Have we seen any Travis CI builds run on linux-ppc64le (including non-R ones)?

mfansler commented 4 weeks ago

Just pinged Support again and they replied promptly that the issue is still active/visible on their and are working on it.

"We are actively investigating this issue. It seems we are getting network related timeouts and we're still troubleshooting on our side about this."

hmaarrfk commented 4 weeks ago

maybe we can default to Cross compilation + Azure and reduce our system usage there to be nice?

jakirkham commented 4 weeks ago

Yes I made this suggestion here: https://github.com/regro/cf-scripts/issues/2930

Edit: On the R side, think Mervin has been using emulation on Azure. Though think there is some work to look at cross-compilation

h-vetinari commented 4 weeks ago

On the R side, think Mervin has been using emulation on Azure. Though think there is some work to look at cross-compilation

He commented further upthread how to cross-compile R recipes.

h-vetinari commented 4 weeks ago

You mean for R or in general?

In general. The actual feedstock where I'm hitting this is a go recipe.

For C/C++ recipes, there's not much to do except change conda-forge.yml and rerender. The compilers populated by {{ compiler("c") }} etc. will automatically get the right target, with the right activation. For CMake builds, it's good to pass $CMAKE_ARGS to the first CMake call, because that contains a bunch of relevant configuration.

The main problem in cross-compilation is that you cannot simply run things (e.g. just-built utilities) during the build process, because the architecture you're compiling for doesn't match what you're running on. That's also why you need the respective dependencies in the build: environment (with # [build_platform != target_platform]). That's where the cross-python and cross-r stuff come in. For python builds, often numpy/cython etc. are necessary, but basically anything else that's needed for stuff to run at build time.
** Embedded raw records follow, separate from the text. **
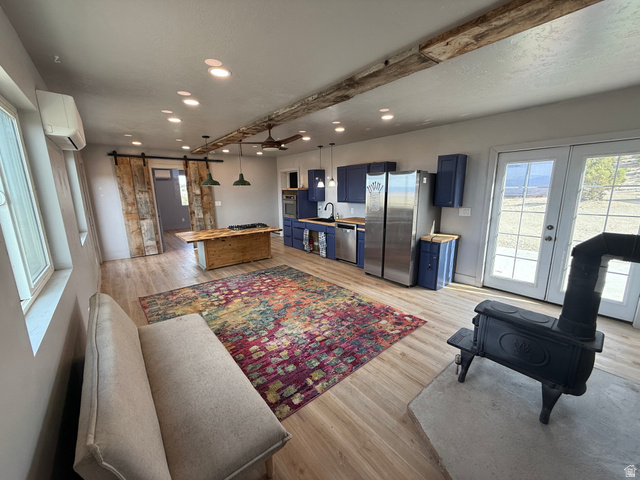 14183 High Mesa Loop Duchesne, UT 84021 - Photo 28 of 56 Living area featuring a barn door, light wood finished floors, recessed lighting, and french doors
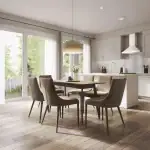 Bright, modern interior rendering of a Harwood Place dining area and kitchen, featuring a wooden table with neutral upholstered chairs, a woven pendant light, light oak flooring, and large sliding glass patio doors.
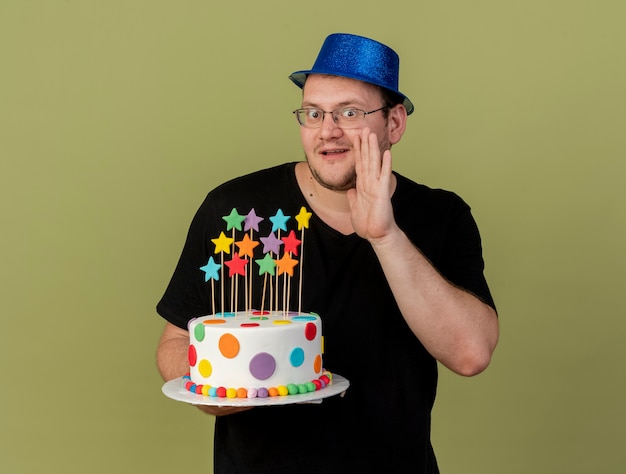 Surprised adult slavic man in optical glasses wearing blue party hat keeps hand close to mouth and holds birthday cake looking at camera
Rust recipes seem to cross-compile without much complications (from a few I've looked at recently), but I'm not familiar with what's necessary for go recipes. The org-wide github-search is very useful for finding this sort of thing though. First impression is that you'll have to pay attention to GOARCH

mfansler commented 4 weeks ago

Yes, I've mostly been avoiding emulation except in a few edge case that would require heavier patching. The issue in R packages is that the R build process can sometimes involve loading the built library (e.g., to render help). In such cases I'll emulate.

h-vetinari commented 3 weeks ago

Seeing aarch builds fail as well now: https://github.com/conda-forge/povray-feedstock/pull/19

jaimergp commented 3 weeks ago

Should we edit the title and issue description to reflect this new information?

mfansler commented 2 weeks ago

@jaimergp there are still other linux-aarch64 jobs passing - I'm not convinced that wasn't a sporadic failure. But if non-R feedstocks are seeing consistent failures, the issue description could be generalized.

mfansler commented 2 weeks ago

Travis CI reports to have resolved the issue and I have confirmed with several jobs that linux-ppc64le runs are indeed running normally again.

jaimergp commented 2 weeks ago

Sounds like we can close this soon, then? Let's keep it open for a few more hours just in case, but will close by EOD if we can confirm it's working.

jaimergp commented 2 weeks ago

Checked https://app.travis-ci.com/github/conda-forge and there are several feedstocks with passing builds for both PPC and ARM from few hours ago (e.g. https://app.travis-ci.com/github/conda-forge/databricks-cli-feedstock/builds/272058545?serverType=git). I'll close. Thanks for keeping an eye on this @mfansler!

jakirkham commented 2 weeks ago

Glad this is improving! 🥳

That said, did just see a new instance of this

So doesn't seem like this is fully resolved yet

h-vetinari commented 2 weeks ago

Looking at the travis dashboard, this still seems to be happening to ~50% of PPC jobs (which just get cancelled).

h-vetinari commented 2 weeks ago

At least that aspect can be cured by restarting the job though.

mfansler commented 2 weeks ago

Yeah, looks like it's back to the previous baseline with something like 10%-25% sporadic failure.